> Task goal
Make an exact copy of the records below, leaving every image out.

> Supplied information
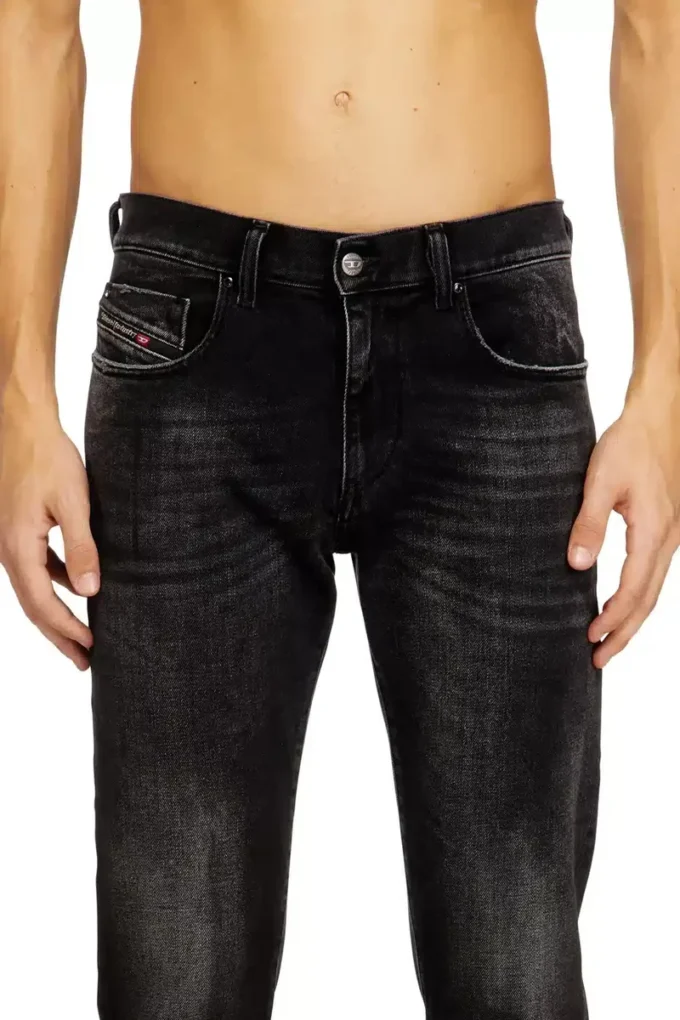 blugi slim 2019 D-Strukt 09n42 Găsiți cel mai apropiat magazin blugi slim 2019 D-Strukt 09n42 Găsiți cel mai apropiat magazin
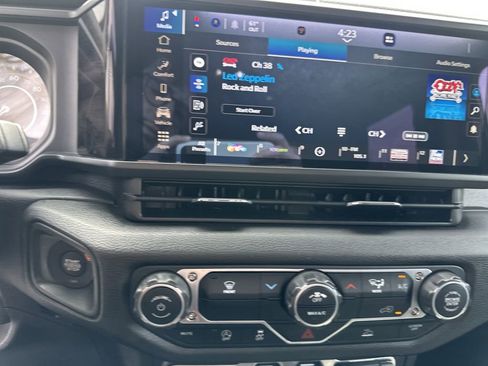 Certified 2025 Jeep Wrangler Sport AWD/4WD image 10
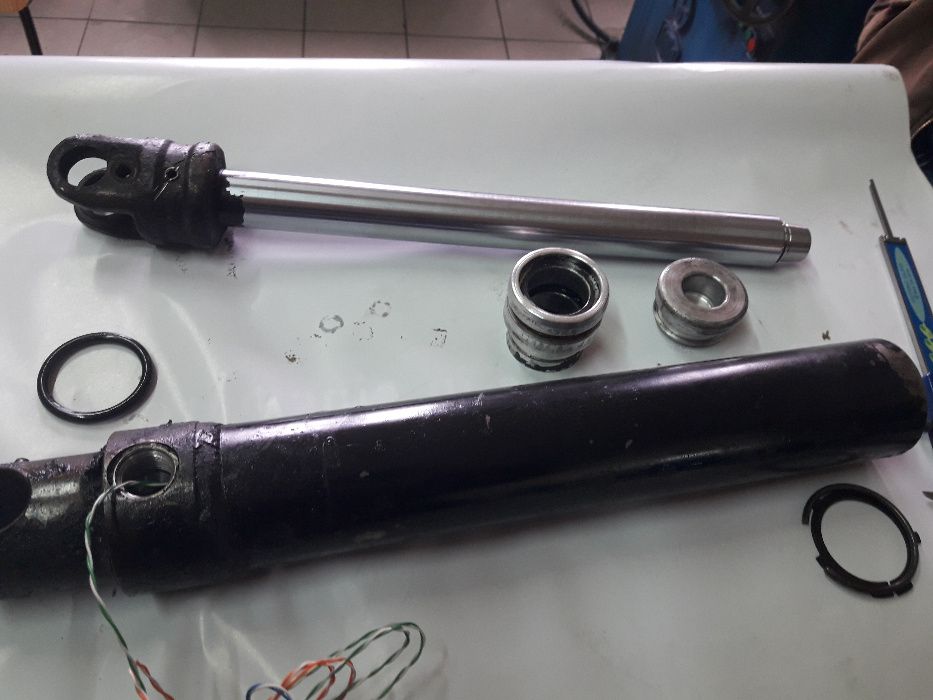 Reparatii cilindri hidraulici & pneumatici si pompe hidraulice.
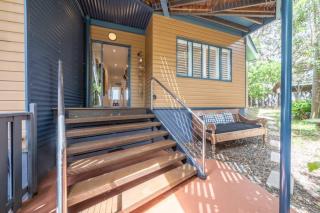 Saltwater 5 - sleeps 8 - close to Main Beach - 2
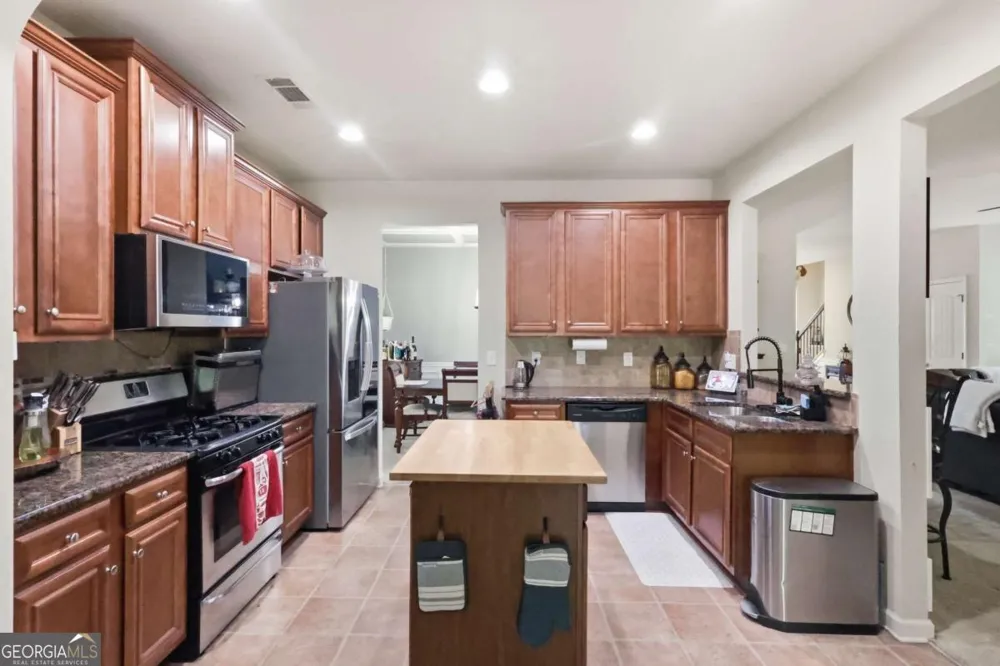 7617 Bowhead CT Fairburn, GA 30213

> Answer space
 blugi slim 2019 D-Strukt 09n42 Găsiți cel mai apropiat magazin blugi slim 2019 D-Strukt 09n42 Găsiți cel mai apropiat magazin
 Certified 2025 Jeep Wrangler Sport AWD/4WD image 10
 Reparatii cilindri hidraulici & pneumatici si pompe hidraulice.
 Saltwater 5 - sleeps 8 - close to Main Beach - 2
 7617 Bowhead CT Fairburn, GA 30213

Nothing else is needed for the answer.